In [65]:
#import dependencies
import numpy as np
import pandas as pd
import re
import tensorflow as tf
import tensorflow_hub as tfhub
import sqlite3
from sqlite3 import Error

pd.set_option('display.max_colwidth', -1)
In [ ]:
#read the csv
wine_data = pd.read_csv("winemag-data-130k-v2.csv")
In [66]:
#create a sqlite database file and a connection
conn = sqlite3.connect('db\wine_data.sqlite')
c = conn.cursor()
In [ ]:
#creat a table in the database
wine_data.to_sql('wine_data', conn, if_exists = "replace")
#read the table in the database
wine_df = pd.read_sql('Select * from wine_data', conn)
In [ ]:
#Drop the duplicate descriptions
wine_df = wine_df.drop_duplicates('description')

#drop null prices
wine_df = wine_df.dropna(subset=['price'])
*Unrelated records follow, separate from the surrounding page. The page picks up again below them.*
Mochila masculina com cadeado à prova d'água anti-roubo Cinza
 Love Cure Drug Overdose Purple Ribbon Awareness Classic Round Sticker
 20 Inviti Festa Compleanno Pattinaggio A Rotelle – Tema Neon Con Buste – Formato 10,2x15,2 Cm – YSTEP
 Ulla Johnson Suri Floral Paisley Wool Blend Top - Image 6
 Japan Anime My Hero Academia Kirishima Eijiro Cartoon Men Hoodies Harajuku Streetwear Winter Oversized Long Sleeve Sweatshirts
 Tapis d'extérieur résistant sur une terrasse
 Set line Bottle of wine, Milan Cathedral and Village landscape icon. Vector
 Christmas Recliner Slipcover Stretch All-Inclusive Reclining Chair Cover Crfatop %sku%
#filter the dataframe to include only varieties with more than 200 reviews
wine_df = wine_df.groupby('variety').filter(lambda x: len(x) > 200)

#create a column named color
wine_df["color"] = ""

#update the database
wine_df.to_sql('wine_data', conn, if_exists = "replace")
In [ ]:
pd.read_sql('SELECT variety, count(variety) as vcount FROM wine_data group by variety', conn)
In [ ]:
#used to update the database with the wine color. Maunally updated each wine variety.
c.execute("update wine_data set color = 'red' where variety = 'Aglianico'  ")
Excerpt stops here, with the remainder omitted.